Bürgerkriege Belkin und sein Team beschäftigen sich schon seit Jahren mit dem Einsatz von Bakterien. Vor drei Jahren war den Israelis ein Erfolg mit einem Nebenprodukt ihrer Forschungen gelungen. Damals stellten sie fest, dass Schadstoffe im Trinkwasser durch modifizierte Bakterien erkannt werden können.

Eine kostengünstige und genaue Methode, Minen zu räumen, wird in vielen Ländern der Welt dringend benötigt. Vor allem in modernen Bürgerkriegen werden Minen zwar bevorzugt eingesetzt, gleichzeitig werden sie aber nur selten katalogisiert, das heißt, niemand weiß nach dem Ende eines Krieges oder einer Auseinandersetzung, wo die Explosivstoffe genau liegen. Wie schon vor 70 Jahren nach dem Ende des Zweiten Weltkriegs ist die Minenräumung auch heute noch hauptsächlich Fußarbeit: Gingen früher mit langen Stöcken ausgerüstete Menschen nach dem Zufallsprinzip durch die betroffenen Gebiete, um wenigstens für sichere Wege zu sorgen, werden heute speziell trainierte Minensuchhunde oder dressierte Riesenhamsterratten benutzt, die beispielsweise auf den Geruch des Sprengstoffs TNT re- agieren.

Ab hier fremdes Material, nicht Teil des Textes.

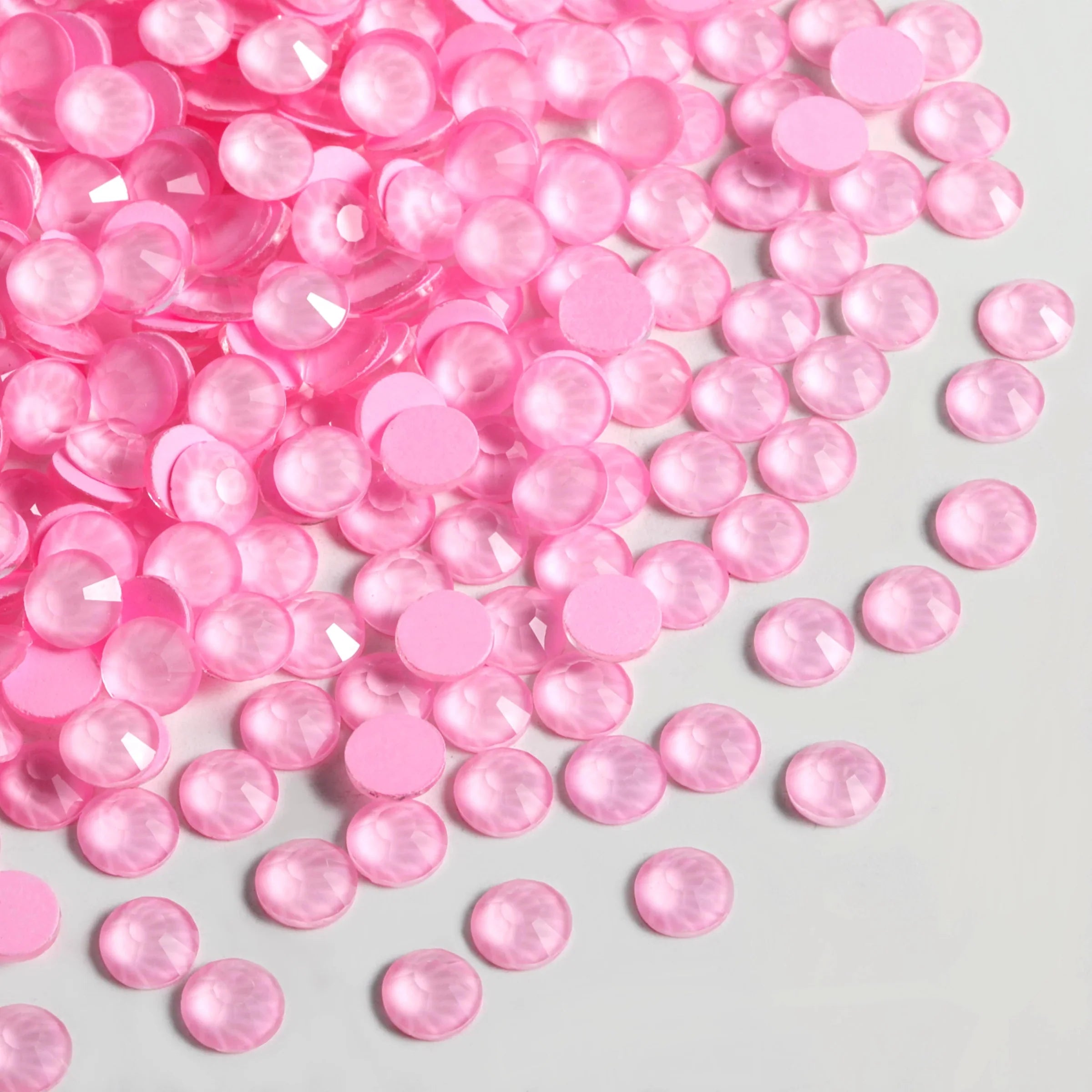 Flat Back Crystal Rhinestones Round Gems For Nail Art And Craft Glue Fix - Mocha Light Pink - Image 2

Roboter Natürlich existieren auch technische Lösungen, wie verschiedene speziell entwickelte Maschinen, die entweder ferngesteuert oder von einem Fahrer hinter einem massiven Schutzschild gelenkt durch ein Minengebiet fahren. Fehlerfrei arbeiten diese mechanischen Systeme allerdings nicht, und außerdem können sie in dicht bewachsenen Wäldern oder gebirgigen Gegenden kaum eingesetzt werden.

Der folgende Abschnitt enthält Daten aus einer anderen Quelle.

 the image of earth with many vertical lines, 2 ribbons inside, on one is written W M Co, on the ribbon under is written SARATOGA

Die mögliche Alternative, ferngesteuerte kleine Roboter, ist dagegen in der Praxis noch nicht ausreichend getestet worden, außerdem wäre ihr Einsatz derzeit noch viel zu teuer – und anschließend, so Experten, müsste weiterhin noch einmal «nachgeräumt», also der Landstrich erneut nach Minen durchkämmt werden.

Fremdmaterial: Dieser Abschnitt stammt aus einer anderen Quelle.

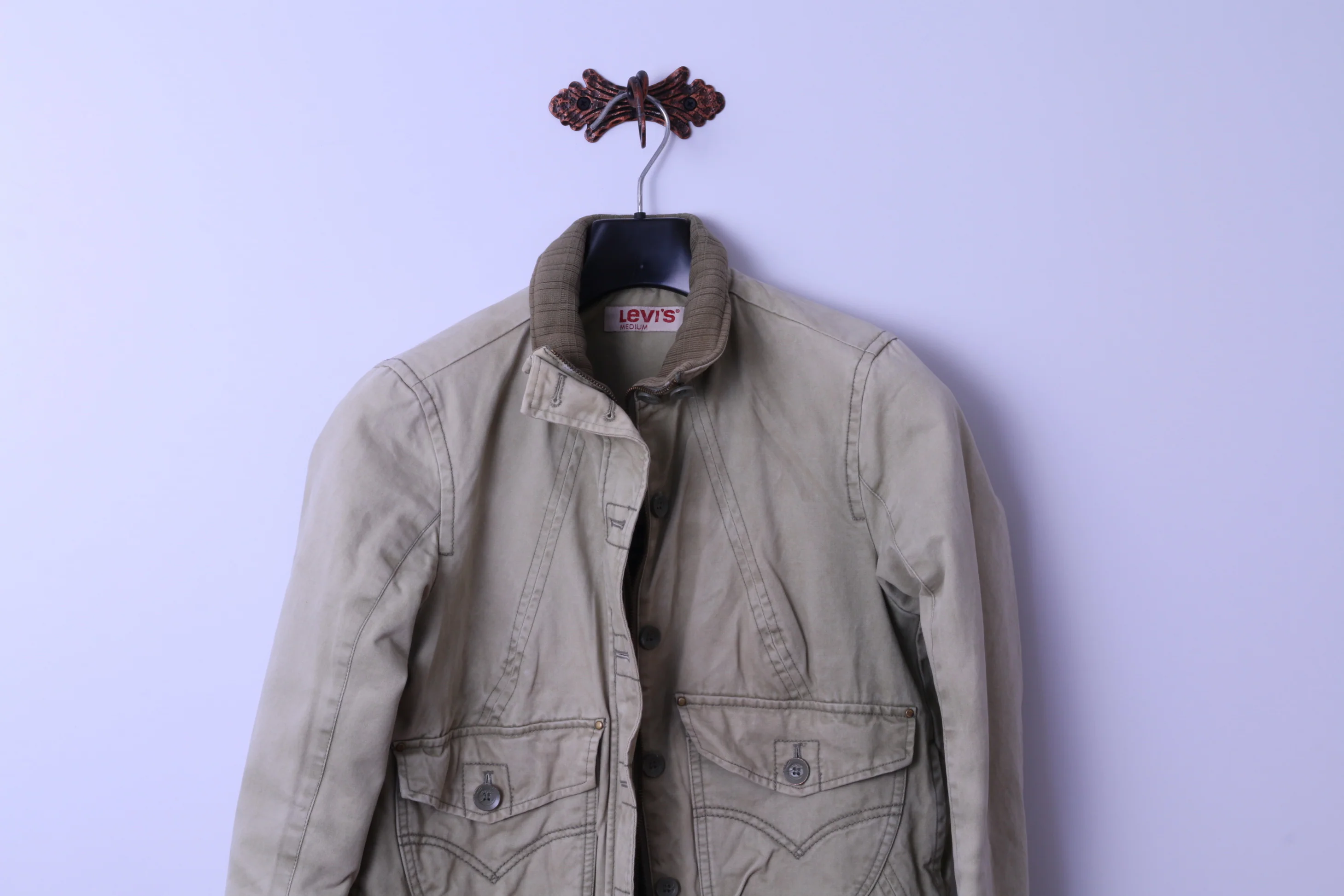 Levi's Womens M Jacket Bomber Khaki Cotton Paded Classic Full Zipper Top - Image 2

Die leuchtenden Bakterien würden das Auffinden von Minen automatisieren und erlauben, dass ganze Landstriche schnell wieder bewohnbar gemacht werden. Und das könnte viele Menschenleben retten: 2013 wurden weltweit 3308 Personen – neun pro Tag – durch Minen getötet oder verletzt. Fast 80 Prozent der Opfer waren Zivilisten.